Even though you are on an extension, the same rules apply as to the main term, in that you are still free to seek reductions due to changes in circumstances (whether they will be agreed is between you, your IP and creditors, of course)
Run it by your IP. Best of luck.
My opinions are merely that .. opinions based on experience. Always seek professional advice.
IVA Completed 23rd July 2013 .... C.C. 10th January 2014
An immediate review of your income and expenditure is required to enable a conversation regarding the potential of accepting payment to date...you have come such a long way neither your IP or your creditors will want to see this fail so pick the phone up and discuss now so come April you know where you stand.
Sharing from experiences of dealing with debt
There is a solution for everyone .... Just need to stay positive !
I am a public sector worker so pension payments will be increased automatically. I will contact my IP and see what they say. I really don't want everything to fail at this stage. Total nightmare.

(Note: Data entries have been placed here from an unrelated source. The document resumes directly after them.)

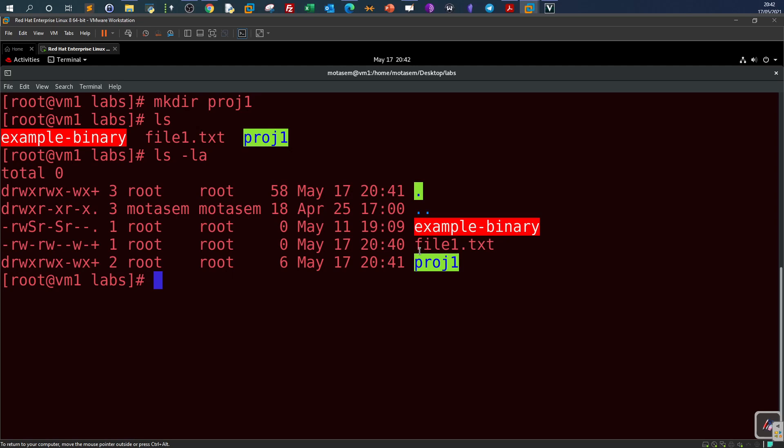That covers access control lists. This video was a very brief overview - I advise you to research more, especially if you're studying for the Red Hat exam. That's all for today and see you in the next video.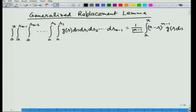We use this generalized replacement lemma in order to convert second and higher order ordinary differential equations into Volterra integral equations of the second kind. In the first two lectures we saw some examples of how second or higher order linear ordinary differential equations can be converted into an integral equation. Now in this lecture we start with a general second order linear ordinary differential equation which is an initial value problem.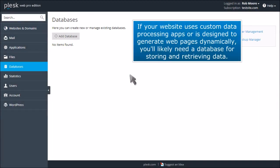If your website uses custom data processing apps or is designed to generate web pages dynamically, you'll likely need a database for storing and retrieving data.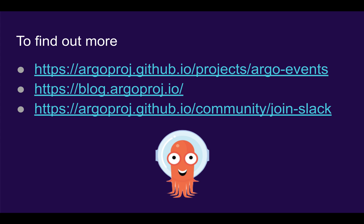To find out more about Argo Events, go to our GitHub, check out our blog, or come and join our Slack channel to ask any questions.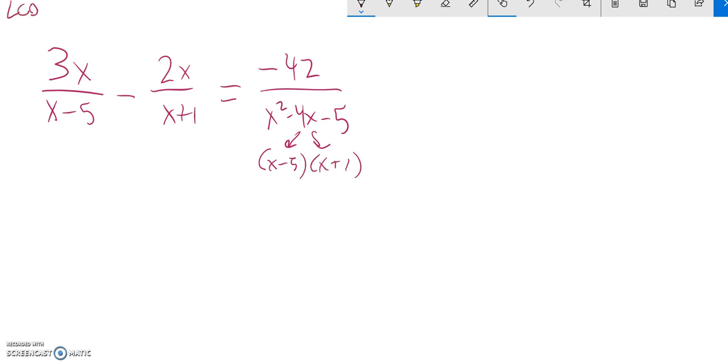So my lowest common denominator, I need both of those. I need an x minus 5. Notice I have it here, I have it here, I don't need it twice—that takes care of both of them. Same thing for the x plus 1. So I'm going to multiply everything by this lowest common denominator to try and divide out those denominators.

We are in our extra year too because of not being able to remortgage, and as a public section worker my pension has increased (for the second time) and also my work assisted move allowance has decreased. I spoke to DFD today and explained it all, showed the figures and they are offering to reduce my payments by the amounts I said plus increase our food allowance because I explained how we seemed to be struggling at the end of each month. A bit different to 'everhopeful' in so much as we can still pay something but by payment has decreased by 3/5ths. It does show though that some companies are sympathic to situations out of our control.
I thought pensions were part of expenditure, and the rise being mandatory at least some could be offset at annual review. Our mortgage has switched this month off a fixed rate to a lifetime tracker so that`s another £60 as well. At this rate the creditors will be paying us[:o)]

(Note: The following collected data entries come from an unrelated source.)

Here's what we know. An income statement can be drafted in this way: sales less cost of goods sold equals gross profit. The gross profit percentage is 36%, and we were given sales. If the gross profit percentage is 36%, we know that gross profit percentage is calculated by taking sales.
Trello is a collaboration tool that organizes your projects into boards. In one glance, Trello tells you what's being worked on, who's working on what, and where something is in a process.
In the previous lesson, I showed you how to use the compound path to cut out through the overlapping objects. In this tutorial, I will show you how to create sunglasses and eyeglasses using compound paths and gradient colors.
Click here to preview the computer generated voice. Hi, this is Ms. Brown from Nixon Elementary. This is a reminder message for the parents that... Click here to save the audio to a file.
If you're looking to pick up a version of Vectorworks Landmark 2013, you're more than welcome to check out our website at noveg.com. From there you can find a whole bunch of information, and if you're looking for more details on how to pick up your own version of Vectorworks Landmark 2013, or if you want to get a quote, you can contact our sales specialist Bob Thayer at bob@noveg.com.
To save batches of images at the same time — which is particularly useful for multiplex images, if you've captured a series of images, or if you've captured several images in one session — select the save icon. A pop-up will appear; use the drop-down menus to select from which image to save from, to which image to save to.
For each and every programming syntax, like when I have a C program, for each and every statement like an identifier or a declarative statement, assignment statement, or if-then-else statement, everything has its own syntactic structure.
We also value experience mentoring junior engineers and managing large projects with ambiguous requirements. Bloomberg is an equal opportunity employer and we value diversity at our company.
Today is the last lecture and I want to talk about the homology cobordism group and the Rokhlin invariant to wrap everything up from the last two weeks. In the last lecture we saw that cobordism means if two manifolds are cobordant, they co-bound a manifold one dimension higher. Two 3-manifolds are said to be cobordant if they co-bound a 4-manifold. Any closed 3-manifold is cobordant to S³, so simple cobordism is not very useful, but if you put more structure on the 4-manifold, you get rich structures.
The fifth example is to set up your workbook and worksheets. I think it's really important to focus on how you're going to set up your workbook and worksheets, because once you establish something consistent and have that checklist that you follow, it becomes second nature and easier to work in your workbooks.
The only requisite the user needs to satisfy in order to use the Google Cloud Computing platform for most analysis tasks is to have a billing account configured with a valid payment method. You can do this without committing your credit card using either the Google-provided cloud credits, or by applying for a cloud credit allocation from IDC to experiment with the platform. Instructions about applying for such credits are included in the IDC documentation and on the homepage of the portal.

I don`t suppose the scale of these increases has happened before. Mrs H is in teaching and her increase is bigger than her IVA payment, and our first year is up in March, so we`ll soon find out.
As we know this is a government initiative to ensure that everyone provides for their own pension. The scheme that the company I work for (large international) has raised the lower payment from 3% to 5% inline with legislation. However, there is still an option to opt out at any time with the clause that you will be opted back in automatically after 3 years, when you can opt out again for another 3 years. All pension schemes will have the same or similar options.
That said you should not have to do this as it will affect your future income when you will most need it. Good advice above, first make sure you know and understand the new terms of your pension annuity and discuss all options with your IP.